EXERCISE GOAL: Print the lines in the listing below that fall between the line with "The Mirror of Fate - Paperback" and the line with "338 County Road 84, Allenspark, CO 80510", those two lines included, exactly as they stand and with nothing else.

INPUT MATERIAL:

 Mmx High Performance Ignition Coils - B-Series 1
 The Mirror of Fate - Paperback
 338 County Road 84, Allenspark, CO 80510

---

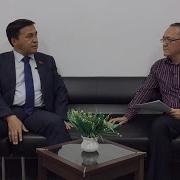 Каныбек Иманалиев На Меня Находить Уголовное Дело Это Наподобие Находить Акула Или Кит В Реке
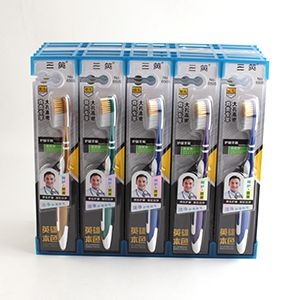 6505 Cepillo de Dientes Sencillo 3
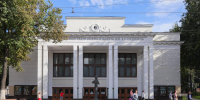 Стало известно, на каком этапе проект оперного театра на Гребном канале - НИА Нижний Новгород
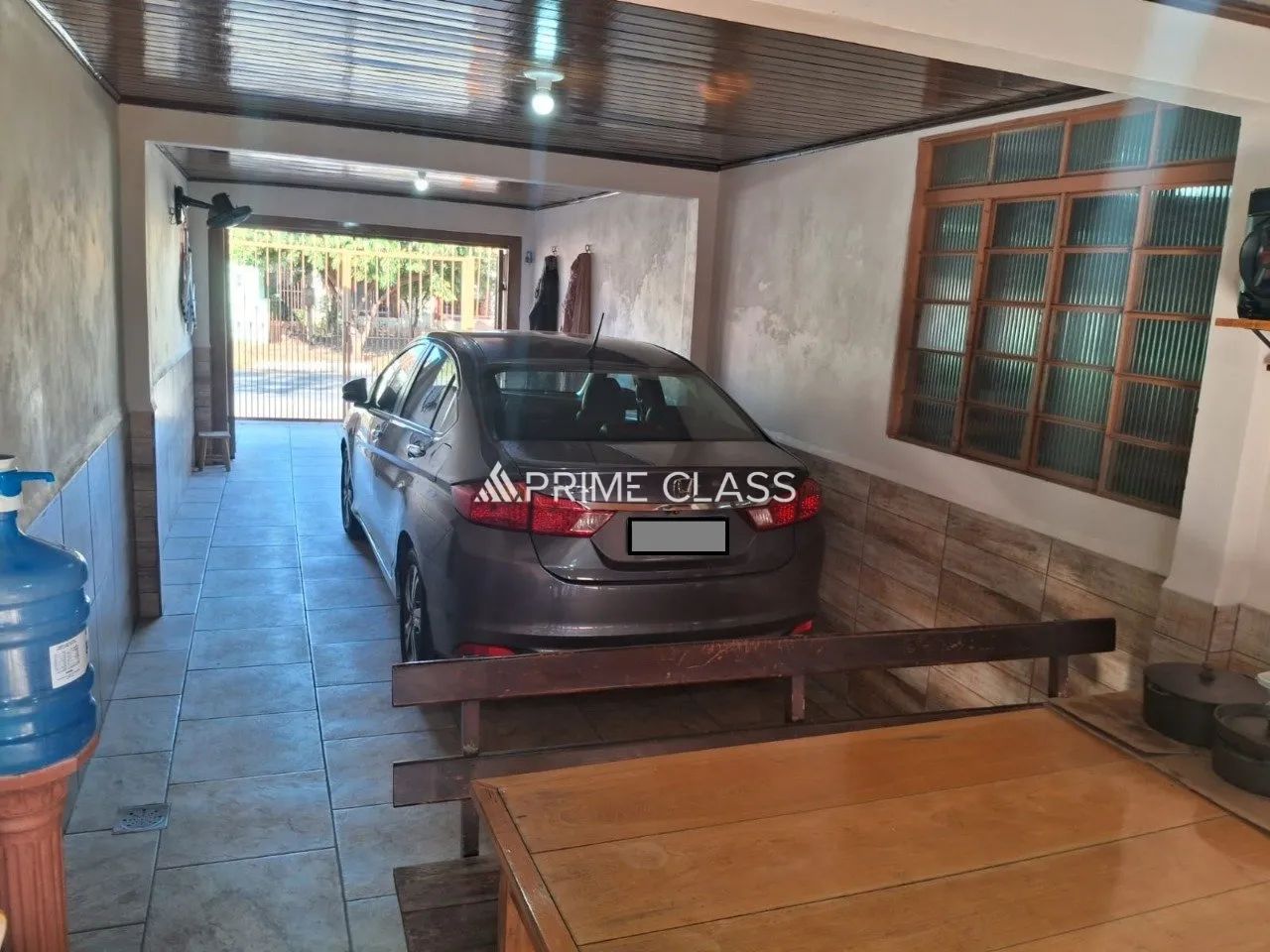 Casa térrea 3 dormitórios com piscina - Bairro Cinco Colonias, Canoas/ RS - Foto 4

TASK RESULT:
 The Mirror of Fate - Paperback
 338 County Road 84, Allenspark, CO 80510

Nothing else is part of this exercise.